I was a JW for about 15 years. I finally left for good when my parents and siblings left our home and moved to Nebraska - where the need was greater. For several years between the mid-1960s and early to mid-1970s, my parents knew I was disfellowshipped, but since I did not live nearby we only saw each other for a week at a time every couple of years when I would travel to see them and would stay in their home. Our relationship was basically OK and cordial because I was only there for a week or so.
In the early to mid-1970s, my father wrote a letter to me and my brother telling us that he could no longer visit us and we could not visit and stay in his home. He told us that my mother was broken up over this new guideline, but she had agreed to abide by the Watchtower's guidance. (My father was an elder at the time). He felt that this was Jehovah's way to get my brother and I back into the Truth before Armageddon arrived in 1975.
Around 1978-79, he wrote me a letter and told me that he and my mother could once again invite us to visit and stay in their home. All was back to normal - except that we could not discuss doctrine (he could preach to me, but not me to him). He asked me to inform my brother of the new relaxed rules. He accepted all the blame for his own misunderstanding of the new guidelines (and also his belief in the 1975 prophecy). Sometime around late 1981 or early 1982, one of my grandparents died and the funeral was held in Oklahoma. My father and mother traveled from their home and I met them at my grandparents home. All was well for the most part. The funeral was in a Baptist Church (my grandparents) and both my father and mother were there, as was I and my then wife.

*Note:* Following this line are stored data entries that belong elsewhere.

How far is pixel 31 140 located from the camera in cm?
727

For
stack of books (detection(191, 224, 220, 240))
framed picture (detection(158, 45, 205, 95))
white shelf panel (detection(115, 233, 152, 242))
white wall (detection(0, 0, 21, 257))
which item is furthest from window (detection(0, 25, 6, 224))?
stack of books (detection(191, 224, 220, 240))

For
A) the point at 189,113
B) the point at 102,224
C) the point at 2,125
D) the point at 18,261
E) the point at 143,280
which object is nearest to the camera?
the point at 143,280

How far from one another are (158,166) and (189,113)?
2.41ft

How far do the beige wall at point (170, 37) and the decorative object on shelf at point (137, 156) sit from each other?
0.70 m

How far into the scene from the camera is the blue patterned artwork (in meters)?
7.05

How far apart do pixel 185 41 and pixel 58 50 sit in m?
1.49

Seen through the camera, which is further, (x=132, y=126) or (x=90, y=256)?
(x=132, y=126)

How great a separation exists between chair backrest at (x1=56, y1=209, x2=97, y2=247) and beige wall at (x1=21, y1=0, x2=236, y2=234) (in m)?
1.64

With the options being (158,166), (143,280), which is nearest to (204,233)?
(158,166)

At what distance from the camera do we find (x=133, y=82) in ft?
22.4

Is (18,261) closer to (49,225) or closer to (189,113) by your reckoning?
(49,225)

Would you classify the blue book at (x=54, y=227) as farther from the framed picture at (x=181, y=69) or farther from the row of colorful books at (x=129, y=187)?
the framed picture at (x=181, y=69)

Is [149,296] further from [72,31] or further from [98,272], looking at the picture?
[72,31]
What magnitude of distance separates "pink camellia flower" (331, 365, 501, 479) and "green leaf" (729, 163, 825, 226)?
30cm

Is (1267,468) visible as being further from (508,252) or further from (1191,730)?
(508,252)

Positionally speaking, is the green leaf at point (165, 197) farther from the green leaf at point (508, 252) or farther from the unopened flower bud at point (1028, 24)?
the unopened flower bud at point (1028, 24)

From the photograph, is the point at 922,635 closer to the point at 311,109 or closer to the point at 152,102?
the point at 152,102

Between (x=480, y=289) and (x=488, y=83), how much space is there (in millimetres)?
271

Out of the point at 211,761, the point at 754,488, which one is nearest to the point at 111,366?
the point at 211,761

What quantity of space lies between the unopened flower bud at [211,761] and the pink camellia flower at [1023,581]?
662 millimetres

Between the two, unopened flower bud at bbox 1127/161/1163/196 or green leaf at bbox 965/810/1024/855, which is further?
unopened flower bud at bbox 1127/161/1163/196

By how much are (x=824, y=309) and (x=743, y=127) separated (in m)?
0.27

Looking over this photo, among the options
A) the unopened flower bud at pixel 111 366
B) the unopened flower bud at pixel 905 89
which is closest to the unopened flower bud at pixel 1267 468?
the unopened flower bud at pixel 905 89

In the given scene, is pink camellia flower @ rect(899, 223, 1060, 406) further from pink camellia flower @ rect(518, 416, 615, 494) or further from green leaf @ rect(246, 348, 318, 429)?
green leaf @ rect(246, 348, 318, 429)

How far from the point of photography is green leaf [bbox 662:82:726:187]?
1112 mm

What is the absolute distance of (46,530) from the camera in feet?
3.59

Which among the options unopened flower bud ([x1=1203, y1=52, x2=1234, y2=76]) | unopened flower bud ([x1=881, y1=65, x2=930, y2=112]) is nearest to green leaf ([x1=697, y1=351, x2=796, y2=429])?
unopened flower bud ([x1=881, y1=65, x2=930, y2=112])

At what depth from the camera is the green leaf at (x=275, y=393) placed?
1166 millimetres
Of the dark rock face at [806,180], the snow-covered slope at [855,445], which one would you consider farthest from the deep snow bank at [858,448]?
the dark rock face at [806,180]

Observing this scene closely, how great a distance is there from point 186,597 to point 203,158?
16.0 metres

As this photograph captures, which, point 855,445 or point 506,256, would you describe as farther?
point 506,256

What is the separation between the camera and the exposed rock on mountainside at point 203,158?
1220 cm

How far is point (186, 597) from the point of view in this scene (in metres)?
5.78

After the funeral, my father called me aside and told me that he wanted to talk to me privately. He was near tears and told me that my mother was terribly upset by new developments. Once again he and my mother would have to shun my brother and I. I did not know it at the time, but this sudden change of direction was due to the Bethel "apostasy" and the DFing of Raymond Franz. I was very angry at the Watchtower's flip-flops and challenged my father to think it all through and see the complete lack of love (or logic) to the restored and expanded shunning policy.
While both my brother and I were disfellowshipped for "fornicating" with our wives before marriage, we had done nothing else, were raising good kids, and were good citizens. We honored and respected our parents and supported them in a myriad of ways. My father knew we were as good or better than 90% of the members of his Kingdom Hall - and were far more loving and supporting than our JW sister was to them.

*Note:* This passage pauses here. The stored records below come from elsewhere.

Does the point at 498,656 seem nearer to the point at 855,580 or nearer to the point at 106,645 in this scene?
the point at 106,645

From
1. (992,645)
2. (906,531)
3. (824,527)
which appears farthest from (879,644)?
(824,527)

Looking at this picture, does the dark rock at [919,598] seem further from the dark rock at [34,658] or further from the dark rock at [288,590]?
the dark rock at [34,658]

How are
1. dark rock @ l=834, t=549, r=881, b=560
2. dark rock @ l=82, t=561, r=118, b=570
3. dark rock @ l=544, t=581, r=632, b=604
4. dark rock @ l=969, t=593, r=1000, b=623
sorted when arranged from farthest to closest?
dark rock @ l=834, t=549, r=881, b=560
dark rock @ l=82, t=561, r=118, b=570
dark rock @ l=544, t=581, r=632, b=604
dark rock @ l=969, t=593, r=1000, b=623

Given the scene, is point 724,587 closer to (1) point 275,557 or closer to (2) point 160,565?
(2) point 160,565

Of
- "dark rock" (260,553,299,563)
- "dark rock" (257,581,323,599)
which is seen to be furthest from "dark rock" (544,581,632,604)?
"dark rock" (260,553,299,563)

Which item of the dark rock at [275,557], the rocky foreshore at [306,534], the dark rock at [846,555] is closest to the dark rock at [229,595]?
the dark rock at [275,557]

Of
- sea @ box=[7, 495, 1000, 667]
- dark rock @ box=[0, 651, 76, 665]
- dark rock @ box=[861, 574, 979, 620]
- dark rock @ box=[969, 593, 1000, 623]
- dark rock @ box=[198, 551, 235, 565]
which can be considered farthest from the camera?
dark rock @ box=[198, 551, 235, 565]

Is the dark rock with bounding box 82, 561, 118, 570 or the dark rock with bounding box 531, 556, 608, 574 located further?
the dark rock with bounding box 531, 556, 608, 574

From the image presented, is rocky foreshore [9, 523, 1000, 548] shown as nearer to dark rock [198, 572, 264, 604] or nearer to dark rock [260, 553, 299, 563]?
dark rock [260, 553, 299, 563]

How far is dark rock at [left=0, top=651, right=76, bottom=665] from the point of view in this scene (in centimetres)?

Years later, during a conversation after my mother's funeral, my father and I talked for a bit about the shunning issue. He was not the brightest bulb in the room, but he recognized then that if the WT did away with shunning, they would have an exodus out of the cult like they did after the failure of the 1975 prophecy when nearly a third of JWs left the society for at least some period of time. He knew that the little Kingdom Hall he went to with about 30% teenagers would be nearly empty in a matter of months if shunning was no longer practiced. He still hoped my brother and I would return to "the Truth," but realized that was our past, not our future.

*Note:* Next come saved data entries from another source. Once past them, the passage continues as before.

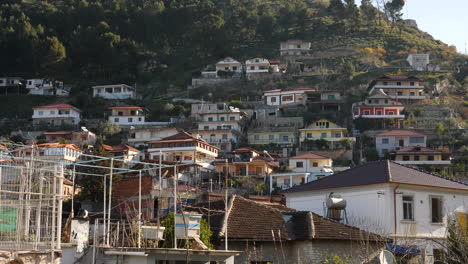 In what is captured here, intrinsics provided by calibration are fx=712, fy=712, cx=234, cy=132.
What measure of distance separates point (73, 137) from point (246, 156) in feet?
61.7

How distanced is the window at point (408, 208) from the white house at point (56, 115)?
212 ft

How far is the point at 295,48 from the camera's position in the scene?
103m

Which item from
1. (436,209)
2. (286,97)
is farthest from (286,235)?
(286,97)

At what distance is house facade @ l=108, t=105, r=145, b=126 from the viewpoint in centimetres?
8206

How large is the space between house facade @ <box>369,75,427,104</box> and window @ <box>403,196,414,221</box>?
201 feet

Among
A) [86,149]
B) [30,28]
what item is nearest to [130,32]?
[30,28]

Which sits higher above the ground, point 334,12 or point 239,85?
point 334,12

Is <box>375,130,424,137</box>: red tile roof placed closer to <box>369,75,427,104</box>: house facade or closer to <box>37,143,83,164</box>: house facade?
<box>369,75,427,104</box>: house facade

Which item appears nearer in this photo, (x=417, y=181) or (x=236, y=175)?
(x=417, y=181)

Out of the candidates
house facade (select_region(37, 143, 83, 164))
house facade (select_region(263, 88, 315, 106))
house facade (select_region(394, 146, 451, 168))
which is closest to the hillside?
house facade (select_region(263, 88, 315, 106))

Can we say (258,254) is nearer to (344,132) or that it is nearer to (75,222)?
(75,222)

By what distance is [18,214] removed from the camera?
12.4 metres

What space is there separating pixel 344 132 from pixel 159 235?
60.2 m

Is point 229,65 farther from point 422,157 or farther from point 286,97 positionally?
point 422,157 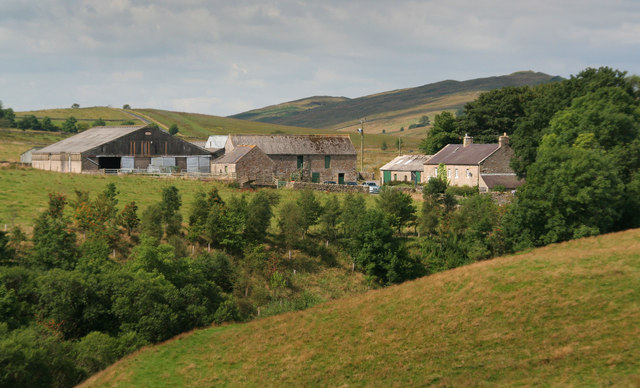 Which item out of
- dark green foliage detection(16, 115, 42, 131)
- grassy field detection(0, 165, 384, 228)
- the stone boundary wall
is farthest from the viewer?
dark green foliage detection(16, 115, 42, 131)

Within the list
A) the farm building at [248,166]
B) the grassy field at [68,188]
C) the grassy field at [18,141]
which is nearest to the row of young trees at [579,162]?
the grassy field at [68,188]

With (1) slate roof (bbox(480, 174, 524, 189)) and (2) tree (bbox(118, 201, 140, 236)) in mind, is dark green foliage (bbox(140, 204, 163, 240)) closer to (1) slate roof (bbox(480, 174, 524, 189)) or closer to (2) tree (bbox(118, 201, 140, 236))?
(2) tree (bbox(118, 201, 140, 236))

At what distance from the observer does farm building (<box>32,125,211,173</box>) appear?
61.3 meters

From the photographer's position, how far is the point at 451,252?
4103cm

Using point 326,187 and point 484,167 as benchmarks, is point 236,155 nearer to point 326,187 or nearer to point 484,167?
point 326,187

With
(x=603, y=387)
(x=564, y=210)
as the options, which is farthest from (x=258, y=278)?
(x=603, y=387)

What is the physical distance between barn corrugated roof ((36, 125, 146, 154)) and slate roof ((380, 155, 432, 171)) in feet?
103

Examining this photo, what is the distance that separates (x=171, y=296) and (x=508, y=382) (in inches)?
625

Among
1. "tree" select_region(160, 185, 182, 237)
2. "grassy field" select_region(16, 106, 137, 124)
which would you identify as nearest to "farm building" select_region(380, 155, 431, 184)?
Result: "tree" select_region(160, 185, 182, 237)

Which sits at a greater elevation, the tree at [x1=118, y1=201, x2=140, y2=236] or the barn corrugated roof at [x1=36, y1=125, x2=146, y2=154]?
the barn corrugated roof at [x1=36, y1=125, x2=146, y2=154]

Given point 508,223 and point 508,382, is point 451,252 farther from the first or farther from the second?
point 508,382

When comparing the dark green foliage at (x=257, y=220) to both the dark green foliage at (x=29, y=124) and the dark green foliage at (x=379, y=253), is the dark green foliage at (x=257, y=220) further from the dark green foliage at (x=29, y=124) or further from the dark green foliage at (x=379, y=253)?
the dark green foliage at (x=29, y=124)

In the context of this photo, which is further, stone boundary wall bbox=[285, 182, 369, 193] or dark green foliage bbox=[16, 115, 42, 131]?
dark green foliage bbox=[16, 115, 42, 131]

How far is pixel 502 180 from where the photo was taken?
56656 mm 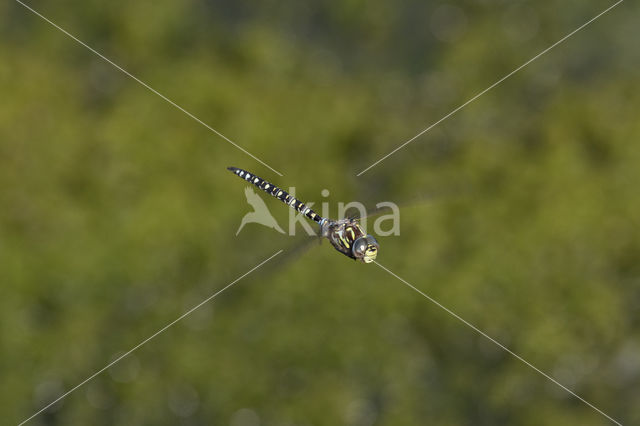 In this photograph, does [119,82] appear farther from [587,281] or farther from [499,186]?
[587,281]

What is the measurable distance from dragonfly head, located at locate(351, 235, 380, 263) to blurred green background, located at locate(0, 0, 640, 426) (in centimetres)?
606

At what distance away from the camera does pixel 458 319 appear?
18.4 metres

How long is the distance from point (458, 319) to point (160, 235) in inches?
314

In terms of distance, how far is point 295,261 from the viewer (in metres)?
16.6

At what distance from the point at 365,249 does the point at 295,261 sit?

Can I believe that the Watchtower might pull a new "shunning policy" out of their hat? I do - in fact I see it happening relatively soon. They will start by redefining "sinful" practices. They may even allow a small amount of dissent among the members - as long as they keep their doubts to themselves. They may ignore faders and just leave them alone - as long as they do not commit sinful activities or become known apostates. They will probably ignore private actions between unmarried adults as long as what they do is kept private and is limited in scope.
I also see the possibility that more things will become "matters of conscience" - let Jehovah decide who is sinning and who are just pushing the boundaries a bit.
I also see them suggesting more monetary contributions to the Kingdom Hall and preaching work by individuals, leaving them be as long as they are putting money in the pot each month.
Many of you will disagree with me. But like I mentioned several paragraphs above - this has already happened at various times in my life within my own family. I have cousins who are JWs (one who is currently an elder) - who have been DF'd and resuscitated several times in past years. Many Kingdom Halls essentially have revolving doors, members being DF'd several times over the years, and now they are back in good standing once again.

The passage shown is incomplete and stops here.